* **What is being asked**: Would you restate every entry below word for word? Leave out the pictures.

Free-text object descriptions

################

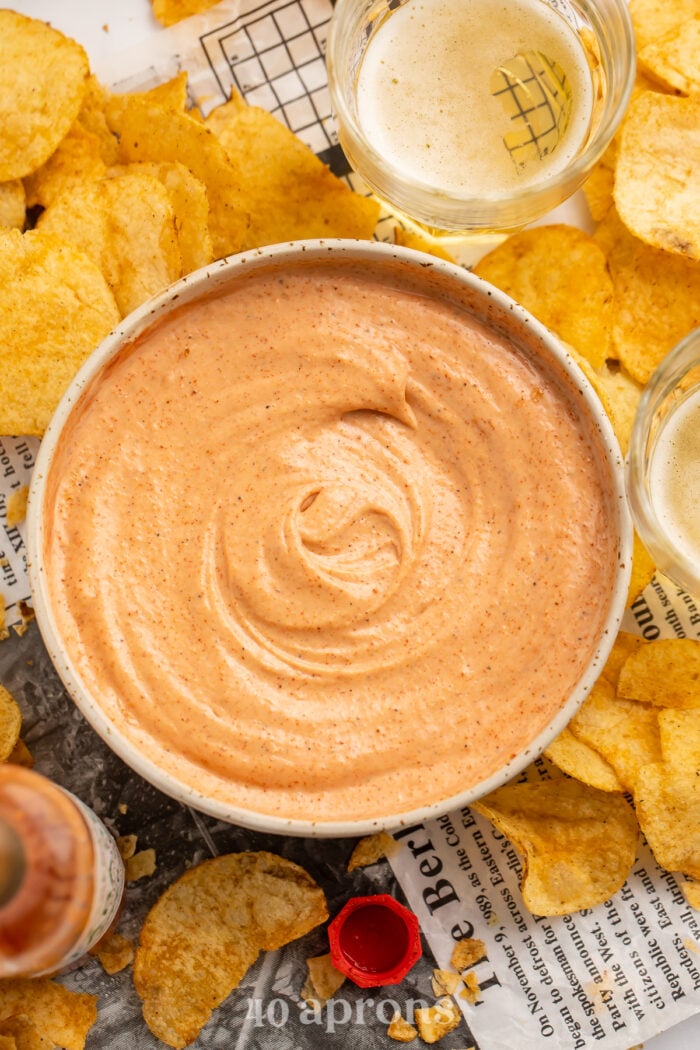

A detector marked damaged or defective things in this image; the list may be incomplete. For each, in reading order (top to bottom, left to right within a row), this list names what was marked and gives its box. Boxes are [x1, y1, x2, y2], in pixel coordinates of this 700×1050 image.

broken chip crumb [127, 844, 158, 877]
broken chip crumb [346, 827, 398, 869]
broken chip crumb [92, 932, 135, 970]
broken chip crumb [451, 940, 484, 970]
broken chip crumb [302, 953, 344, 1007]
broken chip crumb [430, 961, 461, 995]
broken chip crumb [459, 970, 482, 1003]
broken chip crumb [386, 1007, 419, 1041]
broken chip crumb [413, 995, 461, 1045]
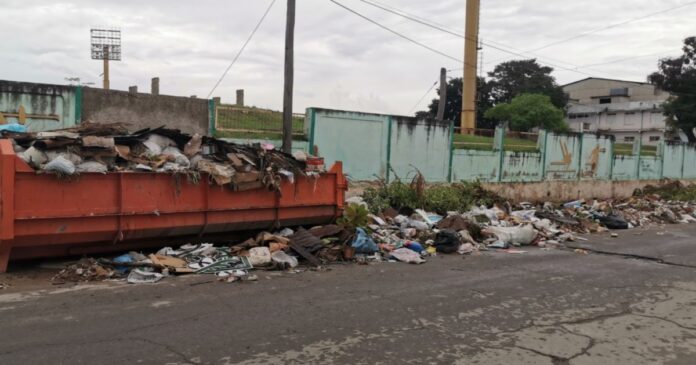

################

* **Result for this task**:
A detector marked damaged or defective things in this image; the list may be incomplete. For each, in reading order (top to bottom, left to right within a row), this list names what was marked and gives its box. Boxes are [x1, y1, x2, y2], in pixel coordinates of this 700×1050 image.

broken chip crumb [127, 844, 158, 877]
broken chip crumb [346, 827, 398, 869]
broken chip crumb [92, 932, 135, 970]
broken chip crumb [451, 940, 484, 970]
broken chip crumb [302, 953, 344, 1007]
broken chip crumb [430, 961, 461, 995]
broken chip crumb [459, 970, 482, 1003]
broken chip crumb [386, 1007, 419, 1041]
broken chip crumb [413, 995, 461, 1045]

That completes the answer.